• _What needs to be done_
Retype each entry below exactly. Do not carry any image over.

• _Dataset records_
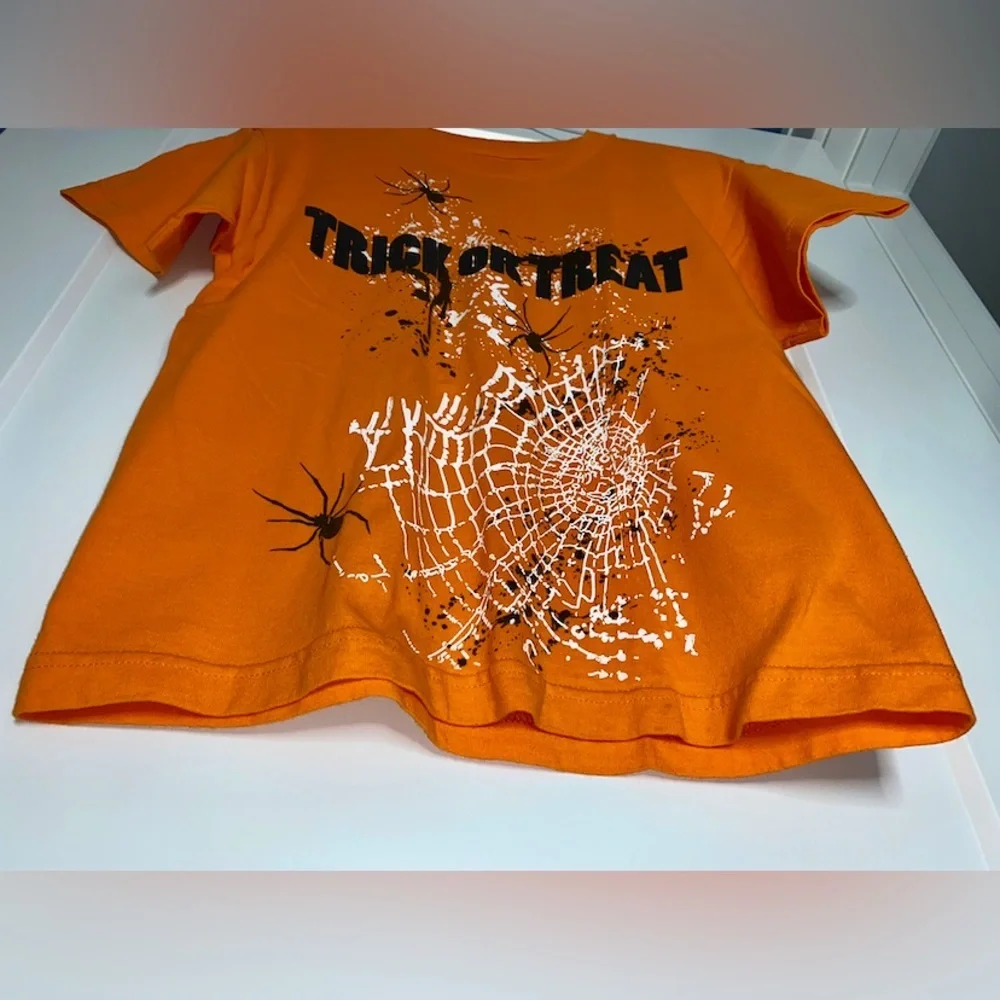 TRICK OR TREAT HALLOWEEN TEE | Kids Size S 7/8 - Picture 3 of 6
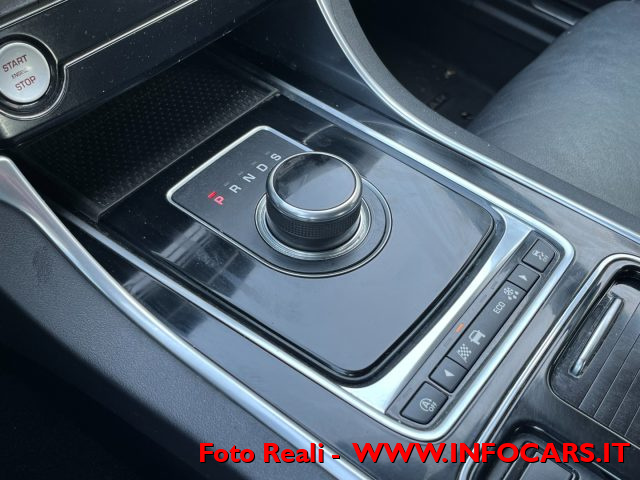JAGUAR XE usata, con Volante in pelle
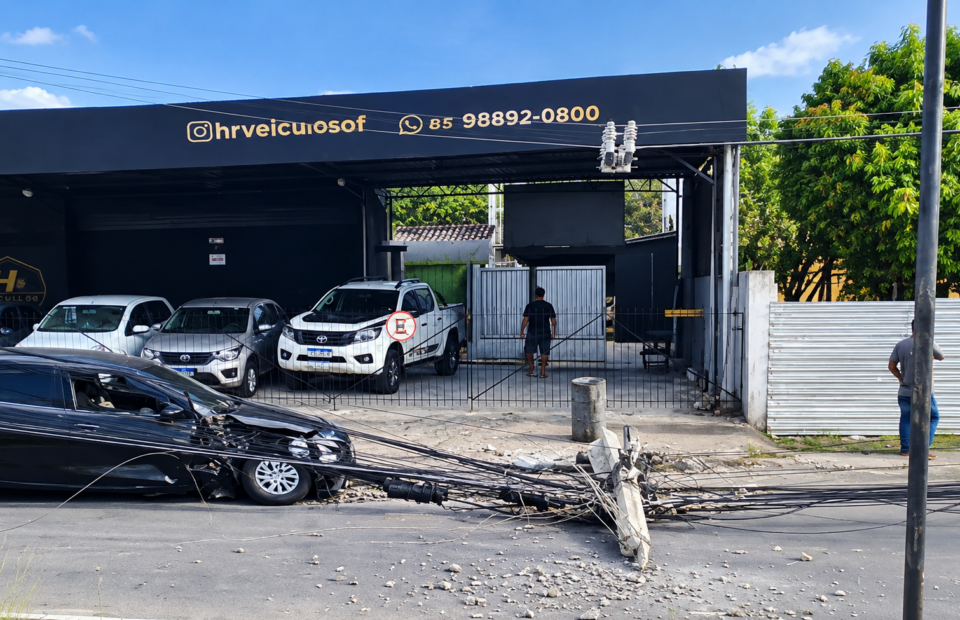 Carro bate em poste e derruba estrutura no bairro de Cruz das Armas, em João Pessoa
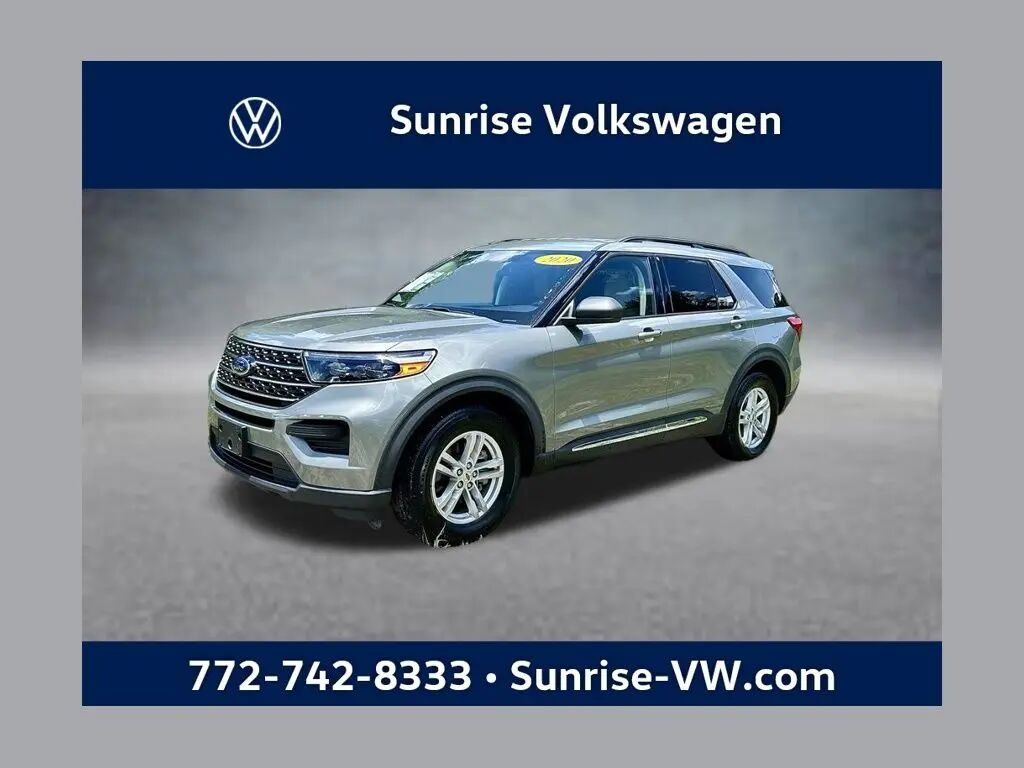 2020 Ford Explorer XLT — photo 1 of 13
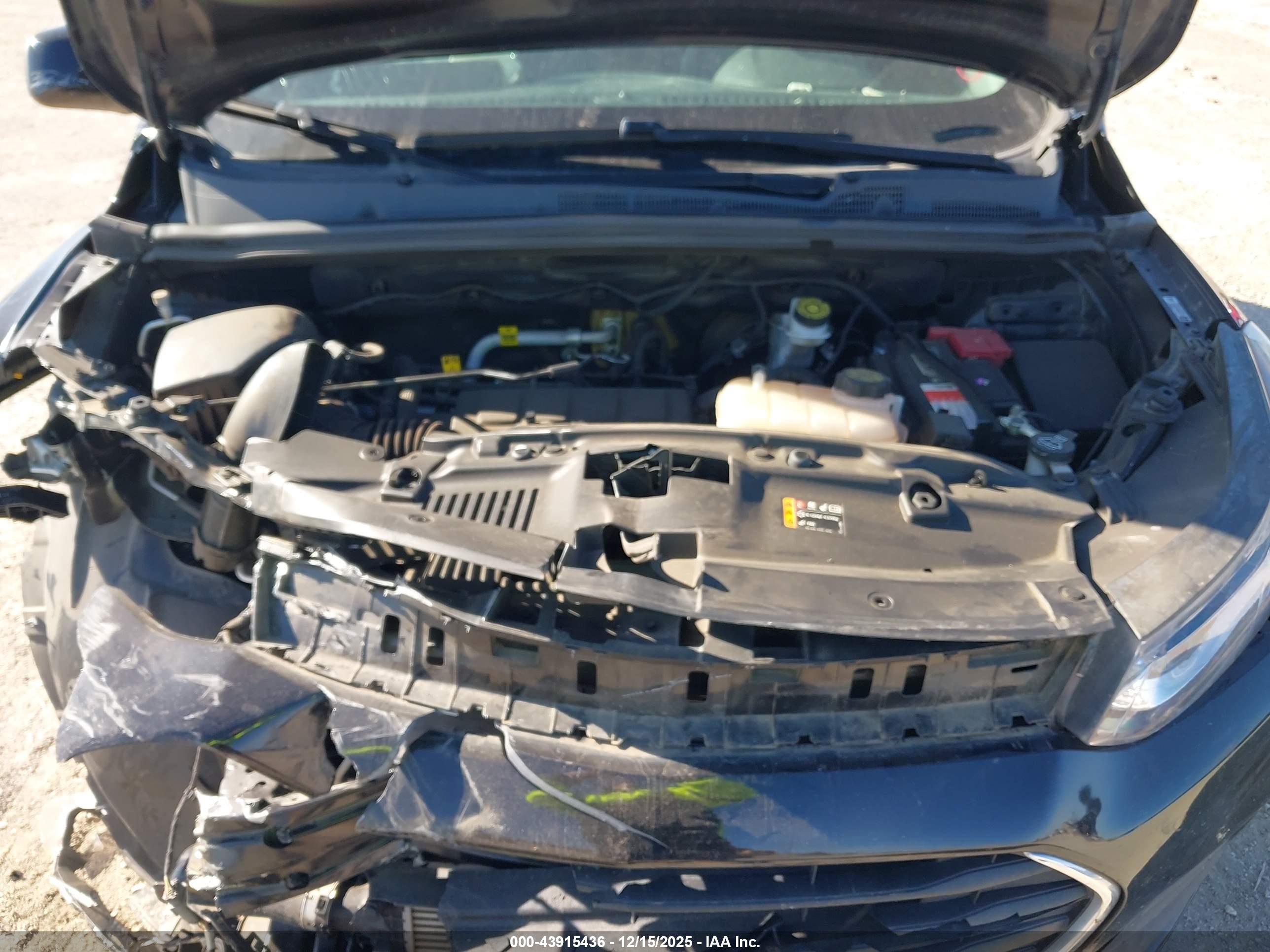 CHEVROLET TRAX image 10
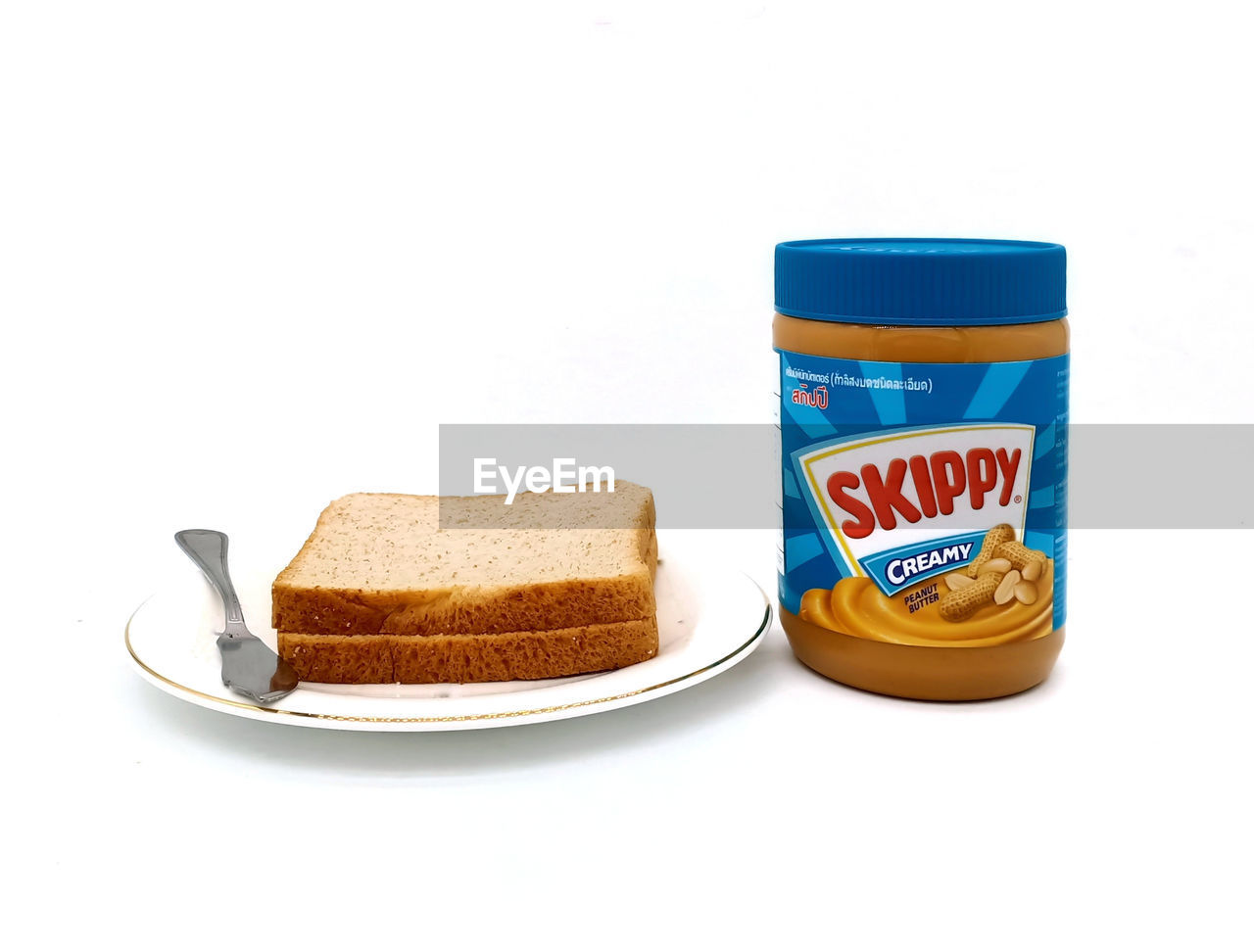 CLOSE-UP OF BREAKFAST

• _Exercise output_
 TRICK OR TREAT HALLOWEEN TEE | Kids Size S 7/8 - Picture 3 of 6
JAGUAR XE usata, con Volante in pelle
 Carro bate em poste e derruba estrutura no bairro de Cruz das Armas, em João Pessoa
 2020 Ford Explorer XLT — photo 1 of 13
 CHEVROLET TRAX image 10
 CLOSE-UP OF BREAKFAST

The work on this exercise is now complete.